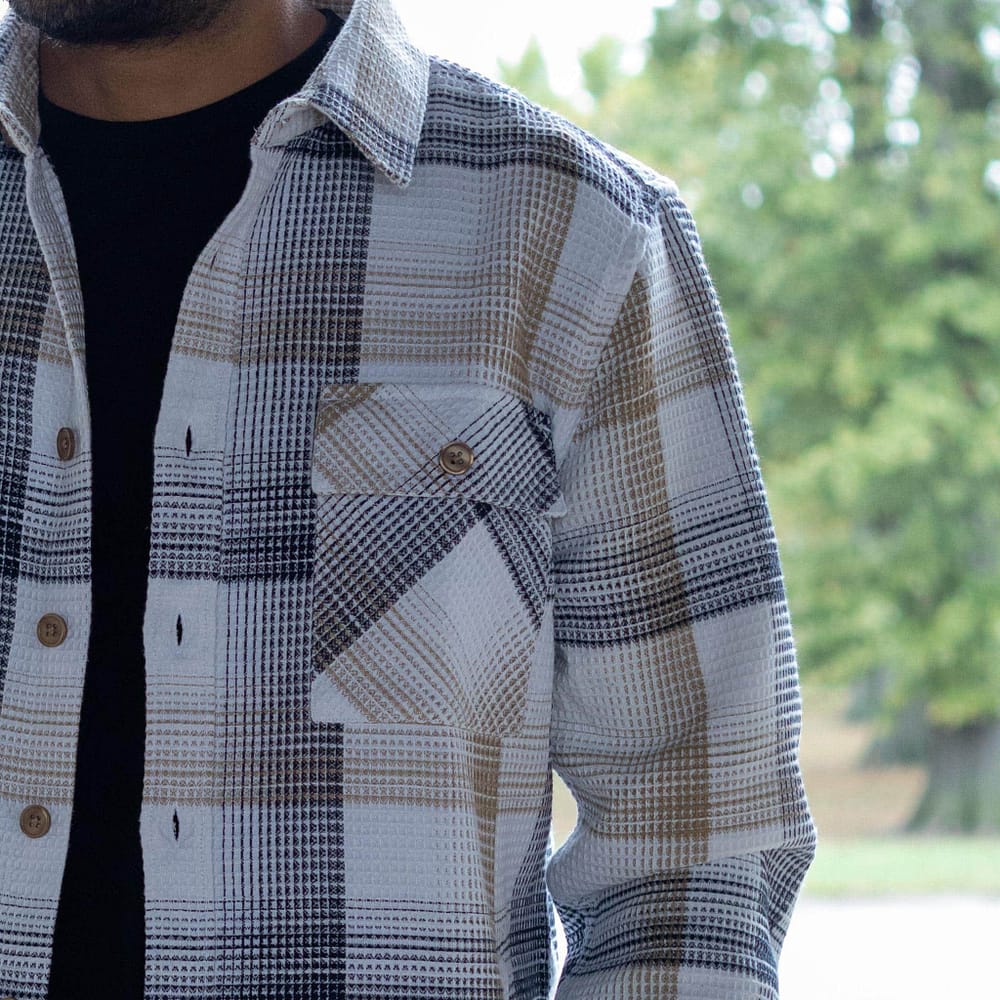 Stonebridge Shirt Jacket by Vustra. Pattern close-up view.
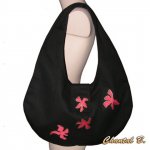 bolsa vermelha para transportar no ombro Tahiti tecido preto de algodão e flores de seda vermelha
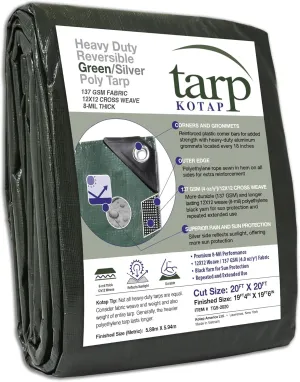 Kotap 20 x 20 Ft. Heavy-Duty Protection/Coverage Tarp, 8-mil, Reversible, Multi-Use, Waterproof, Green-Silver, (TGS-2020)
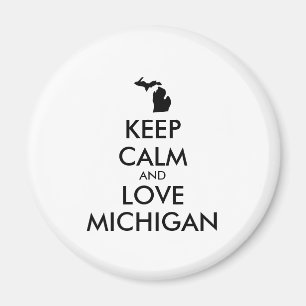Customisable KEEP CALM and LOVE MICHIGAN Magnet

→ Your assignment
Once the pictures are removed, repeat all of the data above exactly.

→ Expected answer
 Stonebridge Shirt Jacket by Vustra. Pattern close-up view.
 bolsa vermelha para transportar no ombro Tahiti tecido preto de algodão e flores de seda vermelha
 Kotap 20 x 20 Ft. Heavy-Duty Protection/Coverage Tarp, 8-mil, Reversible, Multi-Use, Waterproof, Green-Silver, (TGS-2020)
Customisable KEEP CALM and LOVE MICHIGAN Magnet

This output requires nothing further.